Dobry tekst, pod kątem seo pewnie też, choć wybitnym specjalistą w tej dziedzinie nie jestem. Te wszystkie przykazania dotyczące tworzenia treści warto powtarzać, by nie zapomnieć pisząc swoje teksty.
Dzięki Ignacy! Tak to czasem jest, niby wiele wiemy, a jednak nie stosujemy tych zasad w praktyce 🙂 Teoria teorią, ale trzeba faktycznie zmienić nie tylko myślenie, ale również działanie.
Dobry artykuł 🙂 Pytanie jednak jak powinna zmienić się struktura firm zajmujących się SEO i CM żeby osiągać lepsze wyniki? Jak powinna wyglądać współpraca działu kreacji z działem performance ??

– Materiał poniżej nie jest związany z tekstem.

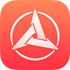 ��һ�ͻ���2024appv7.17���°�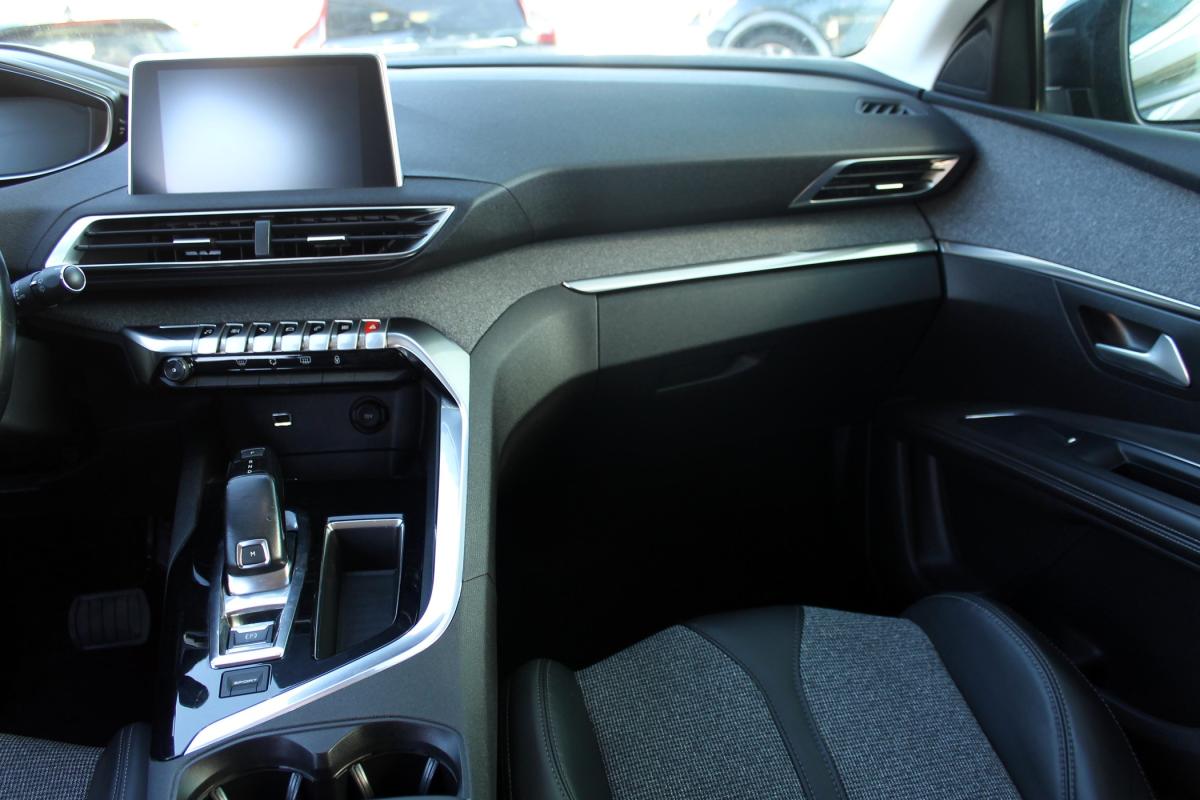peugeot-3008-2017-diesel-1560cc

Myślę, że mniej chodzi o zmianę struktury, a bardziej o efektywne zarządzanie zespołem (polecam przy okazji prezentację Jennifer z Inboundera: http://www.slideshare.net/…/ponencia-de-jennifer-sable… ) jeden niewielki zespół złożony z ciekawych ludzi o różnych kompetencjach może zdziałać cuda, tym bardziej że na SEO trzeba patrzeć jak na wielokanałową, rozbudowaną platformę. Dobry content manager i doświadczeni SEO-wcy (white hat) to podstawa. Zespół SEO współpracuje w dużej mierze z copywriterami i grafikami oraz webmasterami z drugiej strony. Liczy się jednak przede wszystkim efektywna współpraca z klientem.
Krótkie i rzeczowe przedstawienie informacji z konferencji – dzięki.
Na pytanie z ostatniego paragrafu „czy zapytania znikną?” mogę odpowiedzieć: będzie ich jeszcze więcej, ponieważ użytkownicy coraz śmielej pytają o wszystko co ich nurtuje i czego szukają i potrzebują.